Kate Chadderton

Over three years ago I left Australia to search for fame and fortune in America and while I’ve found a little bit of the former I’ve also found a LOT of everything else!

Making the move with me was Margaret Warwick’s palomino Saddlebred gelding Canyonleigh Sirecho. When we landed in Newark (one of New York’s airports) all we literally had was a suitcase for me and a bag of rugs and bandages for Rocco … and without a ride to our new home! My fault, sometimes I miss some important things! Once that minor detail was sorted out (don’t let anyone tell you that you can’t hitchhike with a horse) we arrived in the middle of the night in our new homestate, Maryland. Maryland is about as close to Washington DC as you can get and many of my clients live and work there. It’s also in the heart of the American summer eventing circuit, very much like NSW (sorry Victoria). In the winter I live in Aiken, South Carolina, which is where the eventers all go as soon as the first snowflake falls.
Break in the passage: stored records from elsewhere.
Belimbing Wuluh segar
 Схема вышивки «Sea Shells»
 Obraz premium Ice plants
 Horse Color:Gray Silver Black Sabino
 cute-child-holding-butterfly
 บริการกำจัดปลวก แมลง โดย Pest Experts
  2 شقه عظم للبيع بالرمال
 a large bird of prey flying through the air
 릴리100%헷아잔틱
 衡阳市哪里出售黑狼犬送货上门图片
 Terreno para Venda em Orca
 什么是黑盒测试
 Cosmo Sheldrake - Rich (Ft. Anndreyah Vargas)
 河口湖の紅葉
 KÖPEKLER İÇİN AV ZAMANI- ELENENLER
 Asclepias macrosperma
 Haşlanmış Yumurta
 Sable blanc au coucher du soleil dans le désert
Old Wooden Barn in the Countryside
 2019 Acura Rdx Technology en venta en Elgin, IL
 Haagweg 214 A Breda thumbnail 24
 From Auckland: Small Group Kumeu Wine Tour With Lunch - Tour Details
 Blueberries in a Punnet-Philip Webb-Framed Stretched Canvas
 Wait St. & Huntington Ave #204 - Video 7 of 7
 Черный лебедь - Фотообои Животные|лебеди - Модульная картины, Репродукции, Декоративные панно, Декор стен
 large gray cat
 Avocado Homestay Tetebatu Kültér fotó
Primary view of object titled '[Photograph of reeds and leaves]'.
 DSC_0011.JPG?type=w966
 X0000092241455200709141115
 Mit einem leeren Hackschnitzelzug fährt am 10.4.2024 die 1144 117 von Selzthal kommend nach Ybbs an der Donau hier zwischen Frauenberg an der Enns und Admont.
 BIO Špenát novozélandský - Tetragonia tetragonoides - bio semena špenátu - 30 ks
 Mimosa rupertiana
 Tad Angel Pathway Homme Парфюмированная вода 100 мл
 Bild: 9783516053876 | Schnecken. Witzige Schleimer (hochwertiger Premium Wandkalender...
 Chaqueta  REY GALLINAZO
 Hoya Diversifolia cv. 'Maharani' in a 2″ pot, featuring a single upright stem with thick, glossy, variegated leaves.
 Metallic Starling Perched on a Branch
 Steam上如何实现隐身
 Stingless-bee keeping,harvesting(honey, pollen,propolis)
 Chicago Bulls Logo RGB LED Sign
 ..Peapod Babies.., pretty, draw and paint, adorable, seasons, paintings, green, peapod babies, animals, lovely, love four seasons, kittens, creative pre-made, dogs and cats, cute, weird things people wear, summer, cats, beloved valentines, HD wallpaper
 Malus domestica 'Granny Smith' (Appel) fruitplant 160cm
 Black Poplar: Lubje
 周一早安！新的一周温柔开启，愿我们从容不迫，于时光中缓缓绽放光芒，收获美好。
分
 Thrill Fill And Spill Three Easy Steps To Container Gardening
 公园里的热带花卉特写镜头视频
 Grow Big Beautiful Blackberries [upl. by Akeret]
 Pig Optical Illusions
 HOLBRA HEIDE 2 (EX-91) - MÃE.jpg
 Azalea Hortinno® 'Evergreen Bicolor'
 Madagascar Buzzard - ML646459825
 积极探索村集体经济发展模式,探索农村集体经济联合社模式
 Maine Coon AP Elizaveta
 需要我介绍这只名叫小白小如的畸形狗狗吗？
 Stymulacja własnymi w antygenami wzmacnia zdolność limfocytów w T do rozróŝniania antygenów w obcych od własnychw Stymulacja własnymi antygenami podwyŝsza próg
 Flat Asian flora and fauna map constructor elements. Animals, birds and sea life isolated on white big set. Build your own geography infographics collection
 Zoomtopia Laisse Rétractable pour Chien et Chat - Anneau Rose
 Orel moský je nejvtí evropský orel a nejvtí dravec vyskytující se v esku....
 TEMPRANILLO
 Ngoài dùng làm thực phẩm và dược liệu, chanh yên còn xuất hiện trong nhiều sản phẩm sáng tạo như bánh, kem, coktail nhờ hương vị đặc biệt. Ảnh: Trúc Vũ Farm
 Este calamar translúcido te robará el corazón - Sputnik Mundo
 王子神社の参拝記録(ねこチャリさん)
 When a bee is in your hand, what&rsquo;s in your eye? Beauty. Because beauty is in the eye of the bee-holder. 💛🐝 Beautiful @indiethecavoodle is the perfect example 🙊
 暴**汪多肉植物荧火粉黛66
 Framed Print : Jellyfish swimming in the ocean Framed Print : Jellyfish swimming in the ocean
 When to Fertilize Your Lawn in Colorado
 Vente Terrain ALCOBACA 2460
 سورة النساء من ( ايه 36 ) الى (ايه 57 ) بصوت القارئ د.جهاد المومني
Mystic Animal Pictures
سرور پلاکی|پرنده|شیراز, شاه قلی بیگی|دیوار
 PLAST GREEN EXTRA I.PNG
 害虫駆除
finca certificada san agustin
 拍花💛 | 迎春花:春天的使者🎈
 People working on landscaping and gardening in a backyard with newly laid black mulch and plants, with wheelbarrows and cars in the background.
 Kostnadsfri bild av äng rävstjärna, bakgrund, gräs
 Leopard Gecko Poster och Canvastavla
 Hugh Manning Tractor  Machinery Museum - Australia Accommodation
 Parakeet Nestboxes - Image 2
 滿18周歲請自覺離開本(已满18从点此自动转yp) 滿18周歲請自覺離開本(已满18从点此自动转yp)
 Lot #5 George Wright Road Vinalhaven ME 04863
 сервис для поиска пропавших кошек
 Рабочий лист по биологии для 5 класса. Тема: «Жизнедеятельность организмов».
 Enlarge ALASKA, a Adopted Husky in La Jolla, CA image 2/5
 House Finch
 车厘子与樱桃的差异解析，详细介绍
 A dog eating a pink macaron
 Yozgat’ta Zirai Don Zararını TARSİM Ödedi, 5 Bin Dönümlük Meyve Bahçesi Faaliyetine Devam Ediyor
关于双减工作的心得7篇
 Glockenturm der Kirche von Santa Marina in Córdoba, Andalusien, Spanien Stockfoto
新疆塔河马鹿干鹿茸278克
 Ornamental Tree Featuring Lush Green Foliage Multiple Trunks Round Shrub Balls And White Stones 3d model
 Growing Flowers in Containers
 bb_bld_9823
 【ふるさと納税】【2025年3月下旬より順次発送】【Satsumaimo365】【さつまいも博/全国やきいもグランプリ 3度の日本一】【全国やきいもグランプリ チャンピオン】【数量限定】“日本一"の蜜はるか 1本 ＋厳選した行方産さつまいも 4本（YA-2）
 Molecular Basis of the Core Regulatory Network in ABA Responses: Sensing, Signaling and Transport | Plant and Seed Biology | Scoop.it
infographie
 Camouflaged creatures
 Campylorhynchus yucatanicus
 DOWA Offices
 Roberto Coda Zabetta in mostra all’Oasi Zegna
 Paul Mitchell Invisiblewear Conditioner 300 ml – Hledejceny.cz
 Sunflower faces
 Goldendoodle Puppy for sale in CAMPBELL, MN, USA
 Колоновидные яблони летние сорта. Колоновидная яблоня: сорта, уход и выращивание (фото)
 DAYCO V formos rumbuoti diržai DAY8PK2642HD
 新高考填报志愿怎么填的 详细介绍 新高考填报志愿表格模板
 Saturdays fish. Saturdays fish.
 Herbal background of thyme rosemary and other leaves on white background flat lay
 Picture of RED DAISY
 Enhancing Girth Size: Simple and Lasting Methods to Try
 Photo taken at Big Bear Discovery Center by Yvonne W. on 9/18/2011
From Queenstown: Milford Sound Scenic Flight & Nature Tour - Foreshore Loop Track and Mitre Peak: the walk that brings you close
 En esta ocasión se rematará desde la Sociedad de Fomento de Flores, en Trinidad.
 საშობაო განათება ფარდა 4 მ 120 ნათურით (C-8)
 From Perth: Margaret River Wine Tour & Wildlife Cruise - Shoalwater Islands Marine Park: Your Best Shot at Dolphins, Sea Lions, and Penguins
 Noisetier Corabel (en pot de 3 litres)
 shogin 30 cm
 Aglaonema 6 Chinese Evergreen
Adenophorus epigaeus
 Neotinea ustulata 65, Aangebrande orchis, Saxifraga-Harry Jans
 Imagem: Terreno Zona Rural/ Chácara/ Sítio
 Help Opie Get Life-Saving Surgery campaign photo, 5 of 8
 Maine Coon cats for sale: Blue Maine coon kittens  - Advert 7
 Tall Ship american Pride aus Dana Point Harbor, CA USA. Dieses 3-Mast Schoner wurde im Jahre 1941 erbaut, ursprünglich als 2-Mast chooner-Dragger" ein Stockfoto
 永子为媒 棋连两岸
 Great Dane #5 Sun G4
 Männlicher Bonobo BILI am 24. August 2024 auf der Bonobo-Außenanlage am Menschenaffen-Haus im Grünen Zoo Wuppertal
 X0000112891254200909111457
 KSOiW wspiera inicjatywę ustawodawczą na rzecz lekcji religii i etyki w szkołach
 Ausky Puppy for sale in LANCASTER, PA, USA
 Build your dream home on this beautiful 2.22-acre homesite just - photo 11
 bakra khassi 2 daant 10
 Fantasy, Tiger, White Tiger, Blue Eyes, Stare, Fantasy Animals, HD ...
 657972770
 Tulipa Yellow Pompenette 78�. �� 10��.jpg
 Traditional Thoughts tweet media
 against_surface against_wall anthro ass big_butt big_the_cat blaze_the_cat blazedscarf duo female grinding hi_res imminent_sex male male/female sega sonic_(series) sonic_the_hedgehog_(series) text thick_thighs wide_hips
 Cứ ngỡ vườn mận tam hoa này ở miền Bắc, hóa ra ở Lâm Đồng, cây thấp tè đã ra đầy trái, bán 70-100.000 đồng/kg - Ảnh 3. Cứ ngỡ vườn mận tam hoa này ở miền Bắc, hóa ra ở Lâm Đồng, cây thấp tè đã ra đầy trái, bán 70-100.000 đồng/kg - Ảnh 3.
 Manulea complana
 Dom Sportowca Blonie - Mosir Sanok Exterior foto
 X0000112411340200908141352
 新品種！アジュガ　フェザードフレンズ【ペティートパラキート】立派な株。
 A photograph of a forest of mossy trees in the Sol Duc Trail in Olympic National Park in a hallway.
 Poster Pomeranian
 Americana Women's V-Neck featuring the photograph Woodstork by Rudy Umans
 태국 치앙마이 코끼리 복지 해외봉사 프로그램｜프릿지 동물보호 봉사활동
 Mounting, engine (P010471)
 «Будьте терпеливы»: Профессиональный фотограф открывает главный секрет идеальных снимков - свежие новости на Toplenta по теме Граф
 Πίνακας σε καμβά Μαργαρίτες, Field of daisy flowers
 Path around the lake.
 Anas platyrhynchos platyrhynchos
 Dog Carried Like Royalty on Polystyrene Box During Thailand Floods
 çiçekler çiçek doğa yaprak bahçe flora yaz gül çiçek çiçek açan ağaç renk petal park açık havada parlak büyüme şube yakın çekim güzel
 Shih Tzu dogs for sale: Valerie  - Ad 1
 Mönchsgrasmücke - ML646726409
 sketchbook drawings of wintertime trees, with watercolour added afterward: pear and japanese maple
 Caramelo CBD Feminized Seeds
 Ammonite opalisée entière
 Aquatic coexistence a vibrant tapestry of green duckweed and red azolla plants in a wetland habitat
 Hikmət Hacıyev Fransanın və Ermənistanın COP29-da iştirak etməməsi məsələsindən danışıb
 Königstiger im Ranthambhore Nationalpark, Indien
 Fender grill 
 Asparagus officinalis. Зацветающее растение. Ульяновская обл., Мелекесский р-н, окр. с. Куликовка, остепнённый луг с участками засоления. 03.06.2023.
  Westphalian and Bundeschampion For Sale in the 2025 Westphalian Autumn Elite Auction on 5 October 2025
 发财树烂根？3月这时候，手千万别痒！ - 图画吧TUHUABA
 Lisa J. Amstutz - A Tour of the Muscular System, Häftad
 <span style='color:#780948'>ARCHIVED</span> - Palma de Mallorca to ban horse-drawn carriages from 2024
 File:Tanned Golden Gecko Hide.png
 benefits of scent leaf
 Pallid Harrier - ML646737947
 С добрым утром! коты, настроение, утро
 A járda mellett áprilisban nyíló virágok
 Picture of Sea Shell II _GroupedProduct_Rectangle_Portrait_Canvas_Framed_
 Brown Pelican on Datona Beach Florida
The move south each year is quite common among the professionals, but that fact doesn’t mean that it’s easy! When I go I typically take about 12 horses, three people (including myself) and two dogs. I leave behind a fully operational, large barn, which I then have to manage from afar. The key is to have great staff who can act in place of me and as though they were me and I’ve been fortunate enough to find such people. The drive to Aiken is 11 hours and I sometimes have to make the trip three times in the first week we move. I get to see a lot of route 95 and the entertainment it has to offer: Who’s the genius that thought of combining a gentleman’s club AND a breakfast menu?! And who’s the genius who advertises it every 5 miles for 100 miles! Not fun when one of your working students is a 20 year old guy who begs to ‘please let’s just check it out, for life experience’!

One of the things I used to do is spend quite a bit of time bagging out people for losing their accents when they move to a different country, I’m quite conscious of the direction mine is taking. Firstly it turned a little English where I was annunciating and being very correct with my grammar. Then I reverted to my original country Queensland accent. Now I’m somewhere between QLD, NSW (obviously the least desirable of the two), Kiwi (I don’t know how), South African (watched Blood Diamond too many times?), Northern American (how the President speaks) and Southern American (how the Beverley Hill Billies speak). As you can imagine I cop a lot of flack when I’m back in Woodford, Queensland for Christmas!

On the horse front it’s been quite a ride to build a team of horses that are of an International quality and it taken a lot longer than I had planned. I essentially started from scratch canvassing anyone and everyone to let me compete their horses. I was successful at that and now have a loyal group of owners who are very supportive. Along the way I’ve had some experiences that I had never thought possible - the stand out one being a failed eventer by the name of Mario. Mario wasn’t scared of jumping but he was scared of almost everything else, including galloping across a field! Bad news if you’re an eventer! So I started showjumping him in my spare time. Lo and behold next we know we’re competing at Grand Prix! Jumping clear around Grand Prix’s is definitely NOT something I thought I’d be doing!

Anyhow, I look forward to bringing you stories from the U S of A of my many and varied adventures. I hope you find them interesting! I currently have some great top quality horses from Advanced down to the first level, beginner novice so at the moment life is very exciting.